Set of stones used for crossing water

Stepping stones or stepstones are sets of stones arranged to form an improvised causeway that allows a pedestrian to cross a natural watercourse such as a creek, a small river; or a water feature in a garden where water is allowed to flow between stone steps. Unlike bridges, stepstone crossings typically have no spans, although wood planks or stone slabs can be placed over between the stones (which serve as the piers) to improvise as low-water bridges. Although their historical origin is unknown, stepping stones, along with log bridges, are likely to have been among the earliest means of crossing inland bodies of water devised by humans.

In traditional Japanese gardens, the term iso-watari refers to stepping stone pathways that lead across shallow parts of a pond, which work like a bridge-like slower crossing. Using iso-watari for crossing ponds, or shallow parts of streams, one can view the aquatic animals and plants around or in the pond, like carp, turtles, and waterfowl.
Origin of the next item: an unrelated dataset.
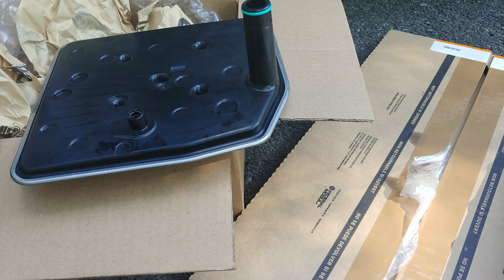All of the aftermarket filters that said they were for this truck specifically did not have this second pickup. And I'm going to say that it's pretty important that you get the correct one with that pickup. All the auxiliary filters also did not have this seal either.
Today, stepping stones are commonly used by mountaineers and hikers as a makeshift way of crossing uncharted or unanticipated streams and torrents. They may occur alongside a ford.

==Historic stepping stones==

The Drukken Steps in the Eglinton Woods of North Ayrshire in Scotland were a favourite haunt of poet Robert Burns and his companion Richard Brown, while the two were living in Irvine from 1781 to 1782.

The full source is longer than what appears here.